Tarantino here projects 1960’s hilly-side LA in a way where you feel you’ve been hanging around in the neighbourhood for quite some time. You rarely get so immersed in the time and space of that period like the way Tarantino composes in this film, and you don’t need to know a lot of references to enjoy it (even if that would certainly help more). The magic obviously lies in the cinematography that conjures something “enigmatic or mysterious or cheery or a little scary” feeling that pours across Los Angeles. The nights in the canyons seem eerie. Part of the brilliance of these feelings that I felt is also the superb choice of songs that are played perfectly against such glorious images. You could sense some foreboding danger around. I found my stomach churning with fear around the final act, as the glorious shot of Cliff Booth walking with his dog in the middle of the night on the windy street in his acid-trip, makes way to the beat-up car approaching in the opposite direction of them, toward the camera, slowly coming to a halt. Chilling!

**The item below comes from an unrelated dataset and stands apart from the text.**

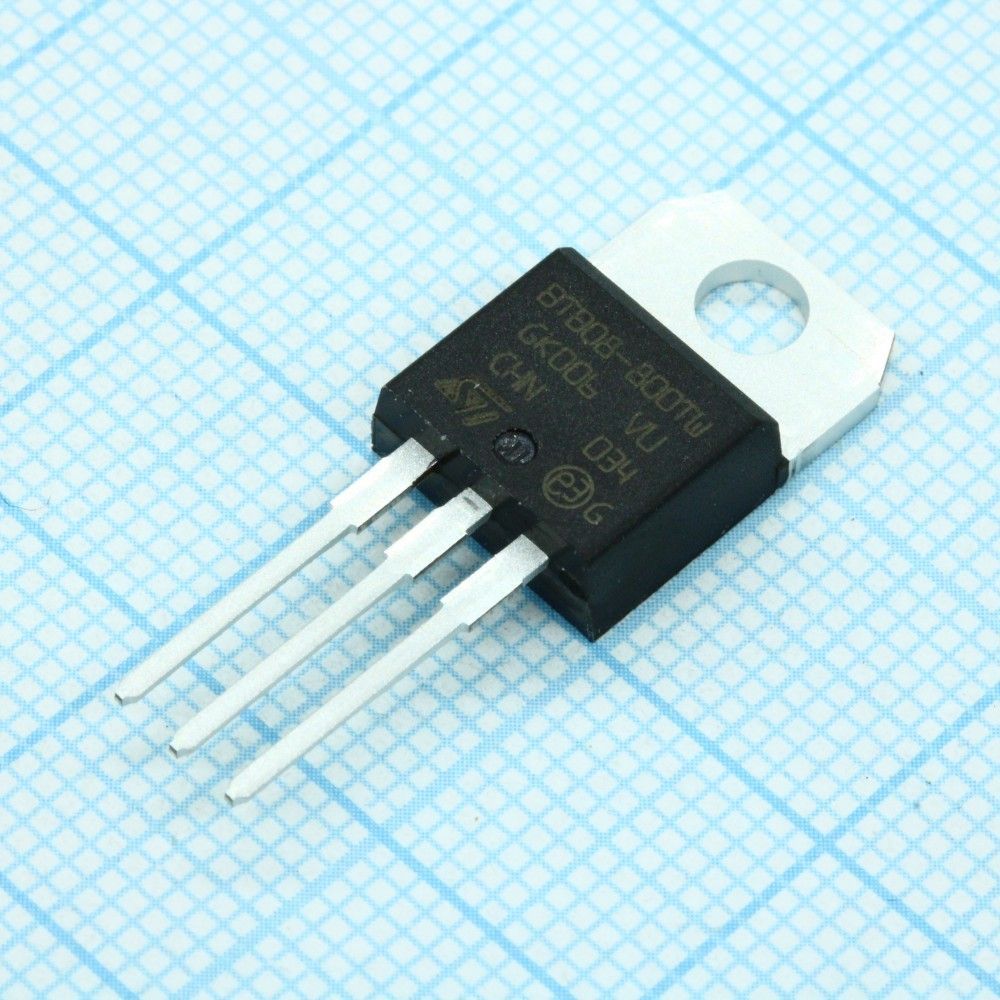 Диоды ST Microelectronics BTB08-800TWRG, Симистор 800В 8А 5мА 3Q (логический уровень)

Rick Dalton’s (played by the terrific, Leonardo DiCaprio) story is both touching and emotional, and his friendship with Cliff Booth (played by effortlessly cool, Brad Pitt) is very moving. They can’t get better than this. I realise well their characters are much trickier to play than they make it look like.
This is a very sophisticated, high-value entertaining, enrapturing yarn of a film that barges into a dynamite third act, delivering catharsis that feels genuine in a way without the help of its schmaltzy nostalgic references (even if they are indulgent and fun). It’s a testament that Tarantino excites and revels the filmmaking audience in such delightful glee that is part of his brilliant form and persona around it.